Start of Block

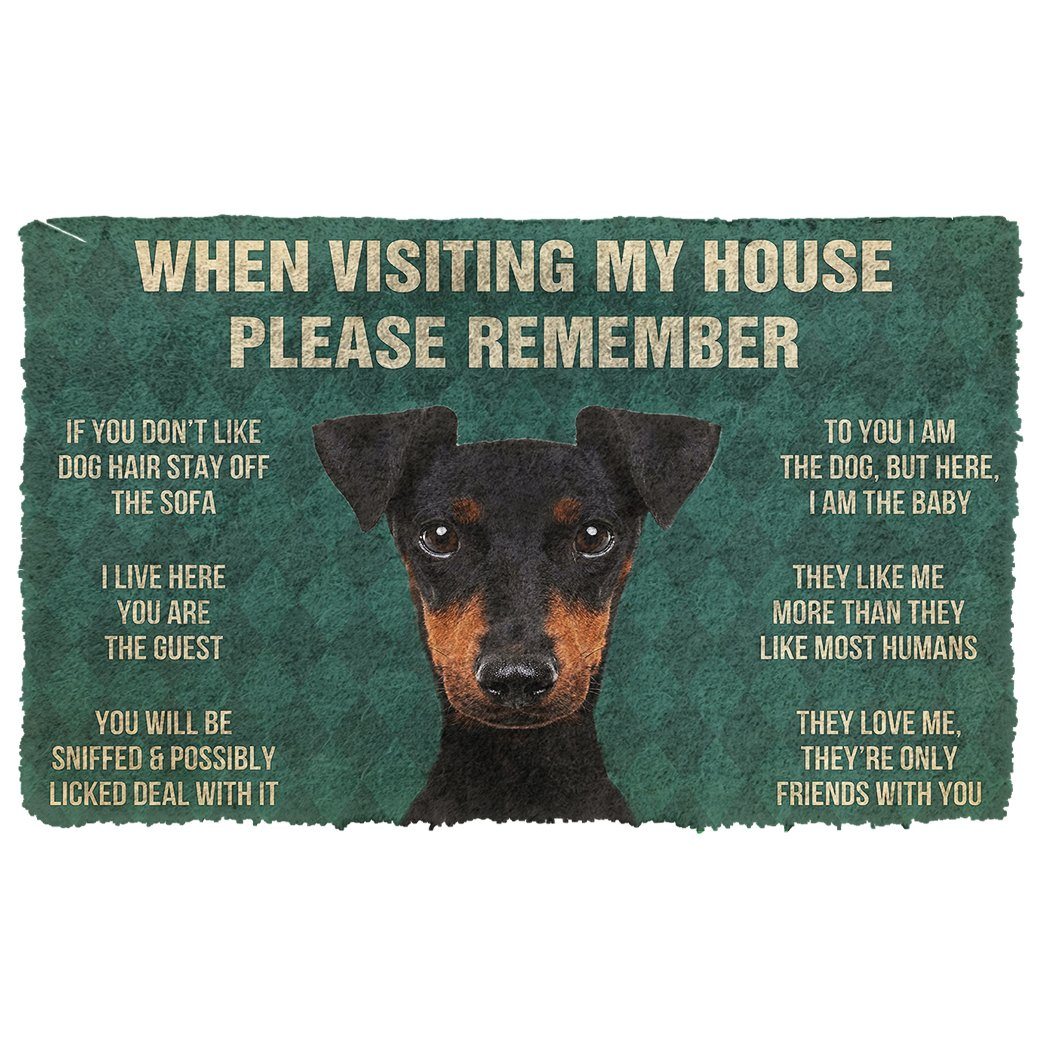 Gearhumans  GearHuman 3D Please Remember Manchester Terrier Dogs House Rules Doormat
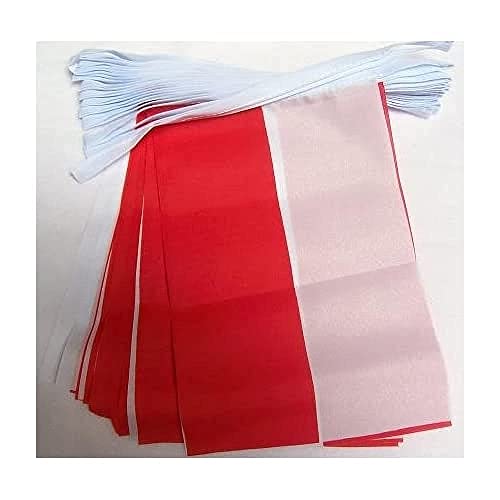 AZ FLAG FAHNENKETTE Polen 6 Meter mit 20 flaggen 21x14cm - POLNISCHE Girlande Flaggenkette 14 x 21 cm von AZ FLAG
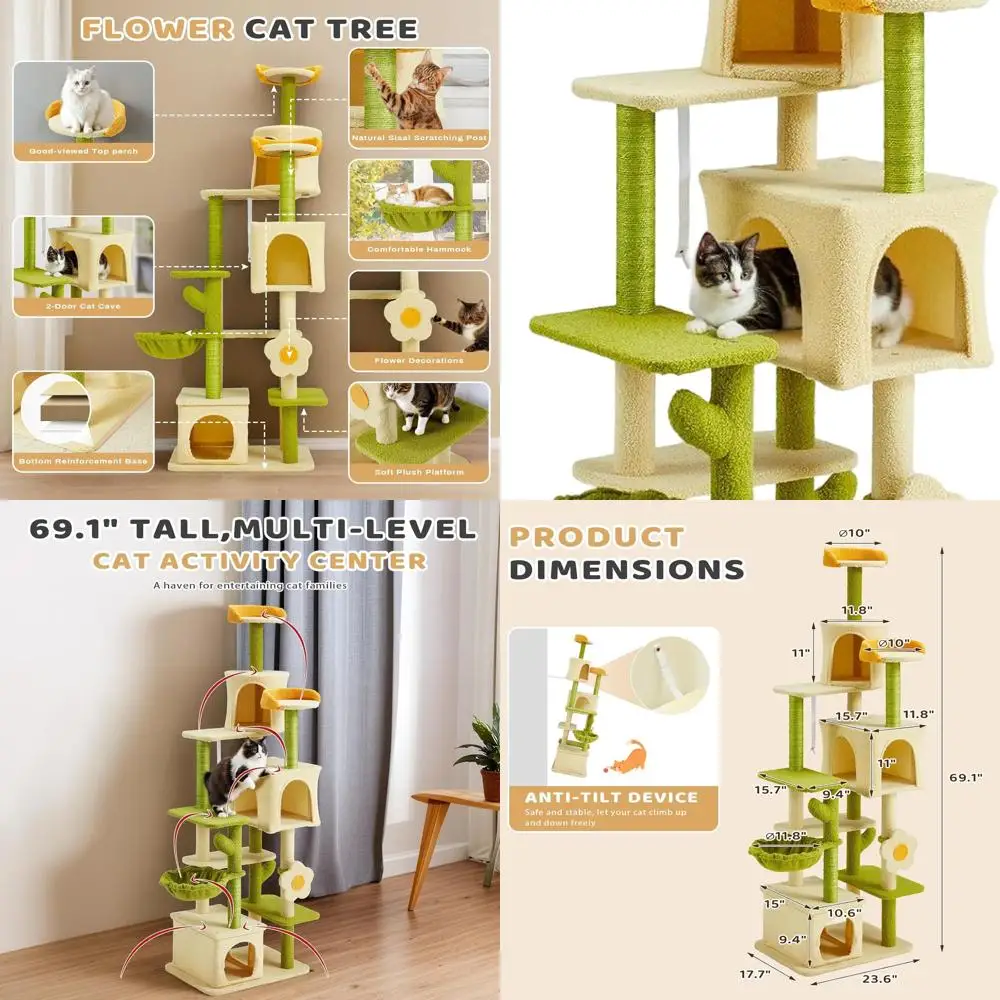 

Домашняя башня из кошачьего дерева, многоуровневый игровой центр 69,1 с когтеточкой, жердонами и презервативами для крупных кошек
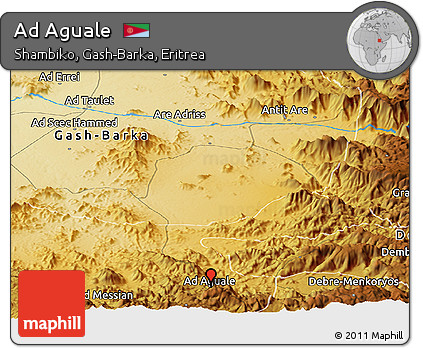 Physical Panoramic Map of Ad Aguale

End of Block

- _ASSIGNMENT_
Your copy should hold only the lines running from the one that contains "Домашняя башня из" through the final line of the data; transcribe them exactly, both ends included, and leave pictures out.

- _ANSWER FOR THIS EXERCISE_
Домашняя башня из кошачьего дерева, многоуровневый игровой центр 69,1 с когтеточкой, жердонами и презервативами для крупных кошек
 Physical Panoramic Map of Ad Aguale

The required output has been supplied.